Watch Stephen Graham’s keynote, Super-tall and ultra-deep

Stephen Graham, Professor of Cities and Society at Newcastle University, expanded the notion of mobility in his keynote talk at the Networked Urban Mobilities conference. By thinking critically about the politics of elevators Graham shifted the perspective from horizontal mobility to the verticality of urban life. Further, the talk links the skyscrapers of global cities with the gold mining industry, which continue to extract metals at greater and greater depths.

After his keynote we had a brief chat with Stephen Graham about his experience of the Networked Urban Mobilities conference, which you can read below the video.

After his talk at the Networked Urban Mobilities Conference in November 2014, we sat down with Stephen Graham and asked a few questions about his experience of the Cosmobilities event in Copenhagen.

Oskar Funk: Could you tell a little about what you are going to take with you from this conference?

Well, there has been a lot of great presentations on the challenges of innovation. That has been a big thing for me. The really complex ways of both inhibiting old technologies and the attempt to build new systems into systems, not just little pockets of innovation, as John Urry was talking about in his keynote, within the context of peak oil, peak food, peak water, and a century of enormous challenges.

Oskar Funk: What has been the best experience at the conference, or was there an experience that stood out?

I haven’t been to many of these mobilities conferences since the first one in Lancaster. The surprising and really fantastic thing to me is just the scale and variety in debate. The fact that it has become such a hugely important and influential conference series is really impressive.

Oskar Funk: So what do you see as the future for this network and this conference series?

There are challenges because it is very interdisciplinary, and it has challenging relationship with professionalized worlds of education and practice. Because obviously, both the disciplines of the universities and the disciplines of professional practices of engineering, architecture, civil engineering, IT engineering, they are all very much working in silos, and mobilities discussions are inherently multi-scalar, multi-disciplinary and they challenge all of those silos. Those silos are actually quite conservative, because they are protecting their own statuses and privileges. John Urry was talking to me about; how do you engage with the worlds of professional education, so that transport engineers stop thinking and talking like transport engineers? That’s a really big challenge and it raises the other question of people doing PhD’s in these interdisciplinary agendas and areas, important and fascinating though they are, they have to get jobs in universities that are very often still quite conservative, still organized as a series of silos; anthropology, sociology, geography, politics, engineering. It is very hard to challenge these really big inherited, conservative traditions.

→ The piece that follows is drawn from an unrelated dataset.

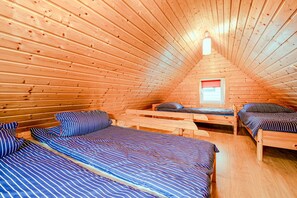 A cozy attic bedroom with wooden walls and sloped ceilings, featuring two beds with striped bedding and a small window. - Chalet in Rewal Near Baltic Sea Beach (Rewal)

Oskar Funk: So what do you think is the directions for the mobilities paradigm?

You know what I am going to say. (Laughs) Well, I mean, I would say this obviously, since I am doing a lot of work on looking at the vertical scale, but I do think that it is an interesting agenda that needs to be addressed. I am always interested in the absences in debates and how, when knowledge is constructed and emerges, by definition; areas of absence are created as well, because they are not thought as relevant, they are not actually discussed. They are sort of there in plain sight, hidden in plain sight. I do think in a whole lot of debates about social sciences, geography, politics of space, mobility, we need to be more three-dimensional in our discussions.

Oskar Funk: So that is a blind-spot of the mobilities studies?

Yes, I think so. There is a big discussion on aeromobilities, aircraft mobilities, there is a smaller discussion on elite helicopter mobilities, but I would say, you know, the elevator. It’s fascinating why it is so completely neglected as a mobilities system. It’s an interesting thing to try to understand, and in geography it is partly a result of this flat two-dimensional treatment of urban space that has come through cartographic traditions especially.